──────── Collected material ────────

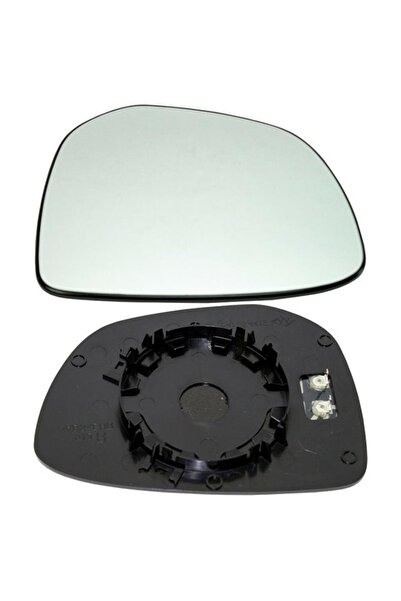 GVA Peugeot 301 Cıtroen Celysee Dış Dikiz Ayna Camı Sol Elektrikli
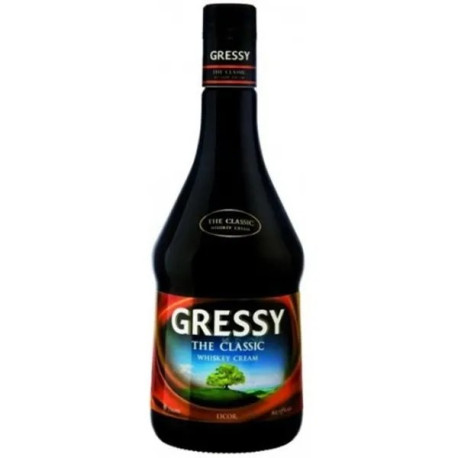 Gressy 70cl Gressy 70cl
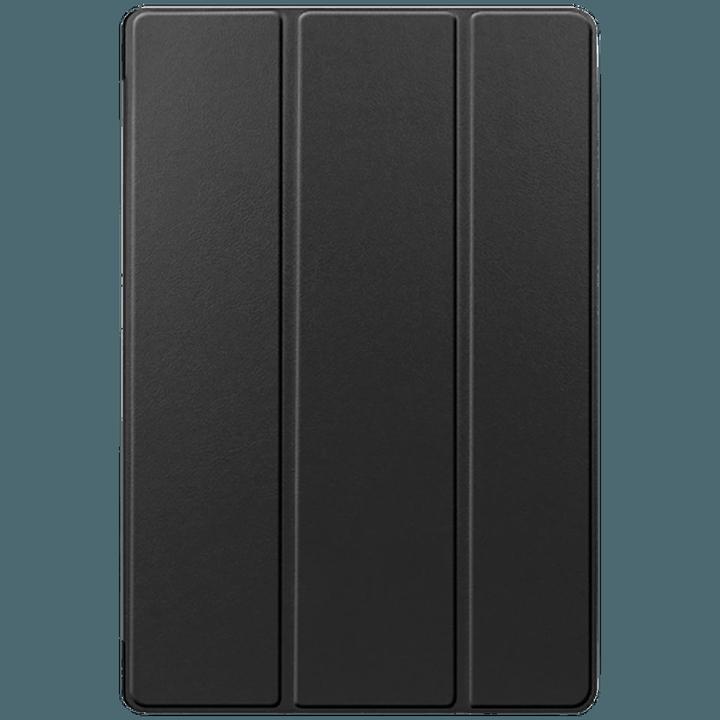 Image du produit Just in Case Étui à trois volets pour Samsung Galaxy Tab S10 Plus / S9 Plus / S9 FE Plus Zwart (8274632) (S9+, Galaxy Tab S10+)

────────

(Exercise goal): From the material above, copy everything exactly but the pictures.

(Answer to this problem):
 GVA Peugeot 301 Cıtroen Celysee Dış Dikiz Ayna Camı Sol Elektrikli
 Gressy 70cl Gressy 70cl
 Image du produit Just in Case Étui à trois volets pour Samsung Galaxy Tab S10 Plus / S9 Plus / S9 FE Plus Zwart (8274632) (S9+, Galaxy Tab S10+)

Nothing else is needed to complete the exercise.